By Natasha Josefowitz, ACSW, Ph.D.
LA JOLLA, California — The faculty at the UNH Whittemore School of Business and Economics (WSBE) welcomed me as their only female member. Allan Cohen, Steve Fink, Robin Willits, Herman Gadon, and I worked well together. Our approach to teaching was very innovative. We used the classroom as a business model: students (employees) were divided into small groups with a leader (a manager) who would regularly report to the faculty member (the CEO) on the progress of his or her group. Our method became well-known. Members of the Harvard Business faculty came to observe us in our classrooms and adopted our method. Herman would review my teaching notes before every class and would coach me on how to integrate this method. I was both excited and anxious about teaching material that was new to me. I have always lived by the motto “identify the fear and go there,” so I walked bravely into the classrooms.
Our group was contracted to write a textbook about this innovative classroom method. Being part of the group discussions was very valuable to me. In addition, a publisher was looking for an instructor’s manual to be published alongside the textbook. Much to my colleagues’ relief, I had retained all of my class notes and thus I was able to write the instructor’s manual. Our book Effective Behavior in Organizations was adapted by a large number of universities and colleges. Fifty years later I still receive royalties.
Besides teaching organizational behavior, I taught courses such as conflict management, organizational development, and interpersonal and group dynamics. Teaching all these courses was enhanced by my background in social work. Unbeknownst to my management students, they were also becoming good case workers, which I believe good managers should be. I developed training sessions for the UNH staff and was the first-year MBA program coordinator in 1978-79. Being math anxious myself, I chaired a seminar on math anxiety on campus in 1979. The UNH women faculty members had never met as a group, so I invited them all to my home. We called ourselves Concerned Women Faculty and met on a regular basis.
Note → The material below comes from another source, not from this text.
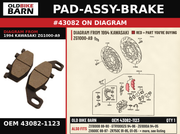 PAD-ASSY-BRAKE OEM 43082-1123 diagram #43082 from 1994 KAWASAKI ZG1000-A9 | Old Bike Barn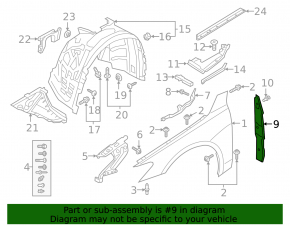 Left door-wing seal for Audi A7 19-25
Together we addressed the issues relating to our students.
Being the only female faculty member at WSBE presented some problems as well as advantages. At the various parties we were invited to, such as the annual Christmas party for all faculty members, I had to choose between being part of the group of professors talking about work, or joining their spouses, all of whom were women. I switched back and forth; it didn’t work very well. One of the advantages was being available and trusted by my female students who were often in my office talking about their issues with discrimination, both in the classrooms and workplace.
This was the impetus for me to teach a course for women in management, which turned out to be the first such course taught in the U.S. I taught this course in chronological order: resume writing, interviewing techniques, first day on the job, handling harassment, dealing with children at home, becoming a middle manager and eventually the CEO/head of the organization—examining the discrimination experienced at every stage along the way.
I was writing about issues women encountered in the workplace including suggestions on how to best deal with these issues without alienating the people they had to work with. My articles appeared in dozens of publications as diverse as The Harvard Business Review, Personnel Administration, Ms. Magazine, and even Playboy.
We both pursued other consulting opportunities. Herman was a labor arbitrator. He often returned from his travels to Boston late at night and had to teach early the next morning at UNH. While in Switzerland, he studied the German system of staggered work schedules and wrote articles and a book on flexible working hours. When Herman introduced this concept in the United States, it was first employed by the government. He spent much time traveling to Washington, D.C. to implement this new scheduling idea. “Flextime,” as it became known, was adopted by a large number of organizations throughout the country.
When Alice Sargeant, the Dean of a Catholic college run by nuns in Washington asked me to teach my class on women in management on weekends, I accepted. I would fly down each Friday night to teach on Saturday and Sunday, and would fly home on Sunday evening to resume my classes on Monday. Alice and I became good friends. A couple of years later, Alice rented us her house in La Jolla while we took a sabbatical leave; this changed the course of our lives.